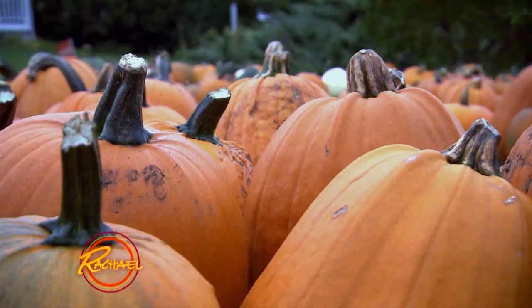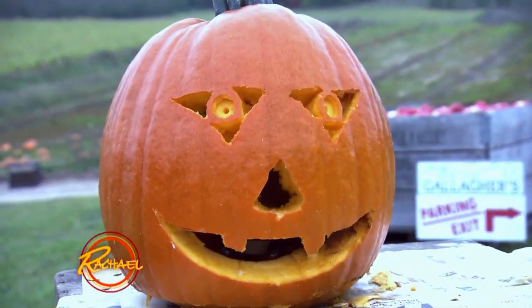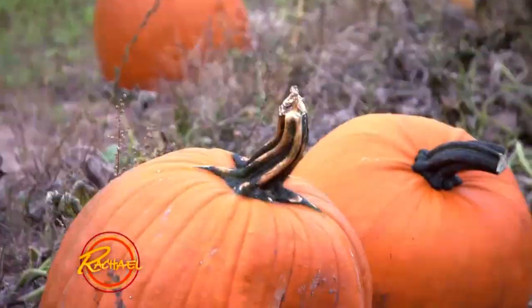Hi Rachel! Amanda here from Gaithersburg, Maryland. I love a good life hack, and this one is perfect for fall. We all love to take our families to pick pumpkins and carve them up, but they never seem to last very long — until I found this trick. So I'm going to show you how to keep your pumpkins looking amazing for weeks.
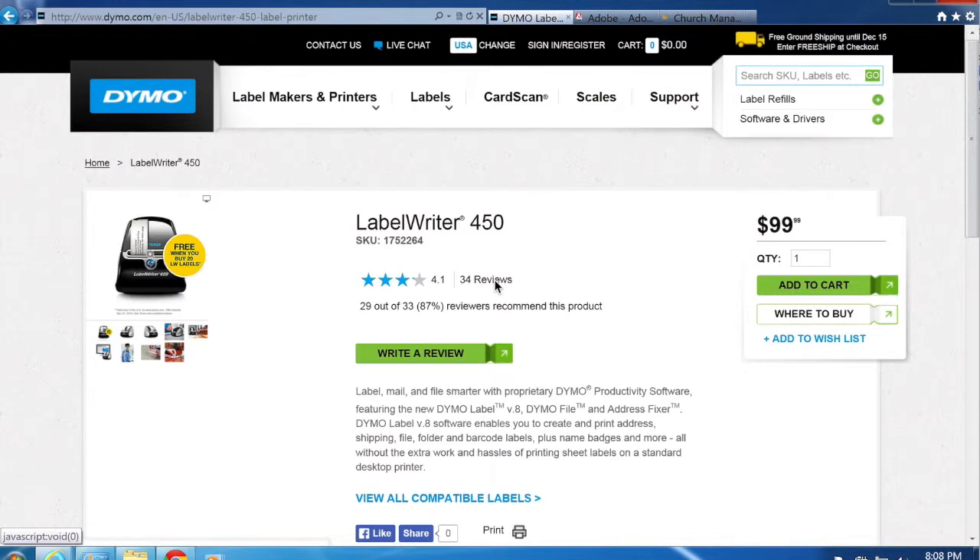Hello everyone and welcome to the Church Office Online video tutorial on how to set up your Windows PC for seamless child check-in name tag printing. We're going to walk through step-by-step everything you need to do to get your child check-in PC all set up and make it easy to print name tags while you're doing your child check-in process.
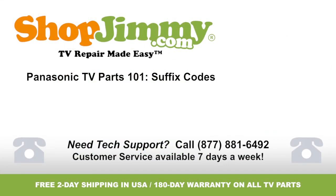Thank you for watching one of our many tutorials here at ShopJimmy.com. If you need any further assistance, please don't hesitate to call our award-winning customer service team at the number on your screen. Thank you.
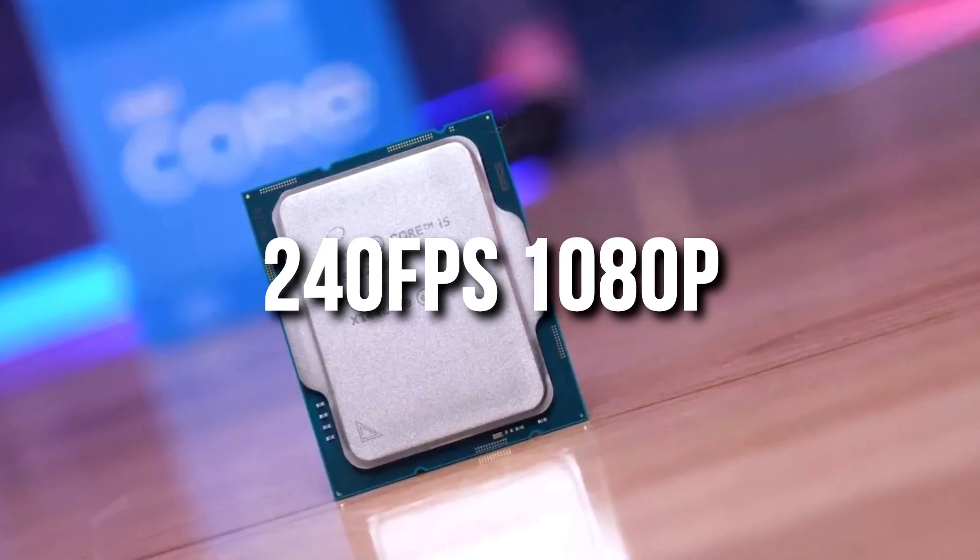This CPU will allow you to play esports games at 240 plus FPS at 1080p competitive settings, so you can buy a 240Hz 1080p monitor and take full advantage of it for both gaming and streaming at the same time.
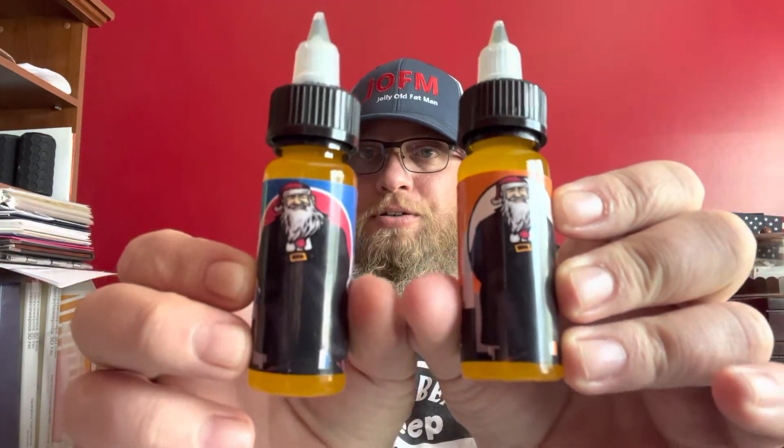Right now he has a program called Members Only on his website and I will drop a link down below in the description box to take you to that website, but it only comes out at certain times of the month. I believe he puts it out there on the 20th and opens up, and if you are interested in joining the Members Only Club then you'll get an email notification so you can log in and set up your account. It's $30 a month and I think it's a pretty awesome deal that BAM is putting out with Jolly Old Fat Man. Every month he will ship you two oils for that $30.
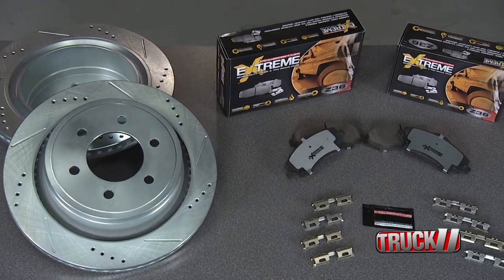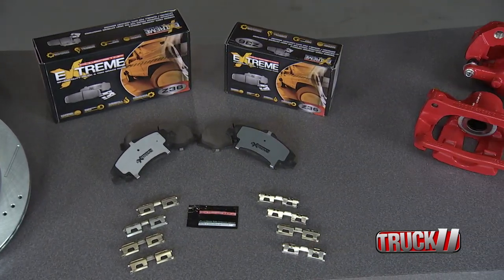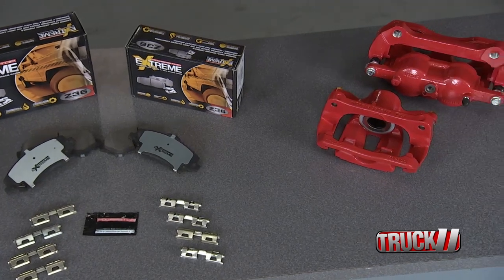This is PowerStop's Z36 Truck and Tow Performance Upgrade Brake Kit. PowerStop has bundled rotors, pads, brake hardware, pin bushings, and brake lubricant into an all-in-one kit with one part number, so online ordering is a breeze.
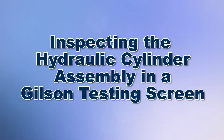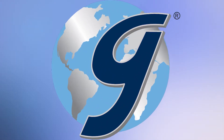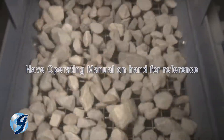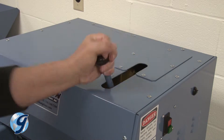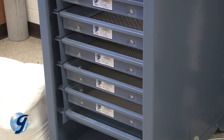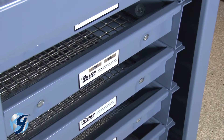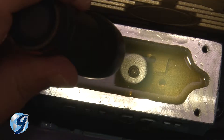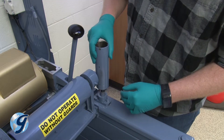Today we're going to inspect the hydraulic cylinder assembly in your Gilson testing screen. Gilson testing screens are rugged, tough machines that will provide years of service if installed and maintained correctly. On Gilson testing screens with hydraulic clamping, the hydraulic cylinders apply force to the clamp rods which secure the screen trays within the unit. If your machine loses clamping pressure during operation, or if you frequently need to add hydraulic oil, inspect the hydraulic cylinders for wear.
#####
Task details: Extract the part of the records that opens with the line containing "Hello everyone and" and closes with the line containing "This CPU will". Take only those lines, exactly, and no pictures.

Response box:
Hello everyone and welcome to the Church Office Online video tutorial on how to set up your Windows PC for seamless child check-in name tag printing. We're going to walk through step-by-step everything you need to do to get your child check-in PC all set up and make it easy to print name tags while you're doing your child check-in process.
Thank you for watching one of our many tutorials here at ShopJimmy.com. If you need any further assistance, please don't hesitate to call our award-winning customer service team at the number on your screen. Thank you.
This CPU will allow you to play esports games at 240 plus FPS at 1080p competitive settings, so you can buy a 240Hz 1080p monitor and take full advantage of it for both gaming and streaming at the same time.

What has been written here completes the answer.